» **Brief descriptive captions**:
BEGIN
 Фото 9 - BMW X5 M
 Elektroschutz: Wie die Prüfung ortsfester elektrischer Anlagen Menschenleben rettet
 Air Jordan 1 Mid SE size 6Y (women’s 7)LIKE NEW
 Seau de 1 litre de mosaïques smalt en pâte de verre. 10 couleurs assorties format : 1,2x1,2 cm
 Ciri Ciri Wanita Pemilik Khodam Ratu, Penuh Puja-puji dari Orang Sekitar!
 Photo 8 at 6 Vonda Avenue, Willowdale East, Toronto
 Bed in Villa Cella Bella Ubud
END
» **What is expected**:
Reproduce the entries above in full, precisely as written.

» **Result below**:
 Фото 9 - BMW X5 M
 Elektroschutz: Wie die Prüfung ortsfester elektrischer Anlagen Menschenleben rettet
 Air Jordan 1 Mid SE size 6Y (women’s 7)LIKE NEW
 Seau de 1 litre de mosaïques smalt en pâte de verre. 10 couleurs assorties format : 1,2x1,2 cm
 Ciri Ciri Wanita Pemilik Khodam Ratu, Penuh Puja-puji dari Orang Sekitar!
 Photo 8 at 6 Vonda Avenue, Willowdale East, Toronto
 Bed in Villa Cella Bella Ubud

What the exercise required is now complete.